● **The data**
-.-.-

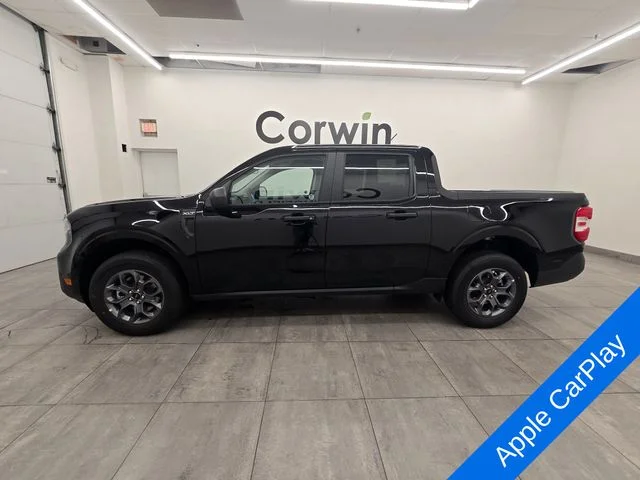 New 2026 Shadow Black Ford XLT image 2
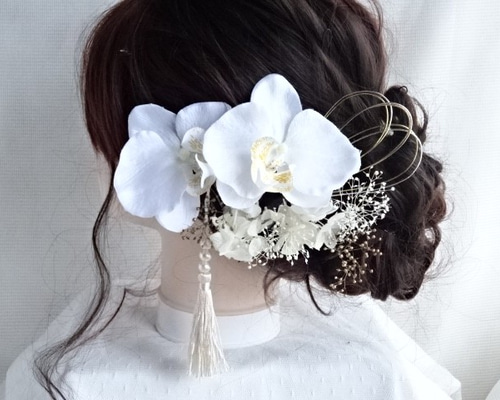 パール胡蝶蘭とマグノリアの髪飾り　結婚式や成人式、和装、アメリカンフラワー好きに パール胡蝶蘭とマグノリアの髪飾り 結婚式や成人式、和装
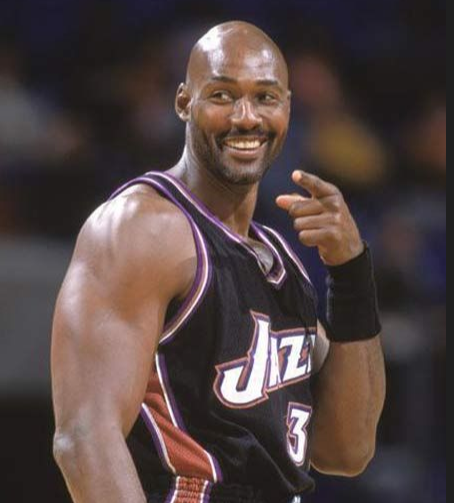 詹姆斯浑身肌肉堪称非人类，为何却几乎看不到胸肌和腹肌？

-.-.-

● **Task item**
A word-for-word copy of the listing is the goal; keep every picture out of it.

● **Answer for the task**
 New 2026 Shadow Black Ford XLT image 2
 パール胡蝶蘭とマグノリアの髪飾り　結婚式や成人式、和装、アメリカンフラワー好きに パール胡蝶蘭とマグノリアの髪飾り 結婚式や成人式、和装
 詹姆斯浑身肌肉堪称非人类，为何却几乎看不到胸肌和腹肌？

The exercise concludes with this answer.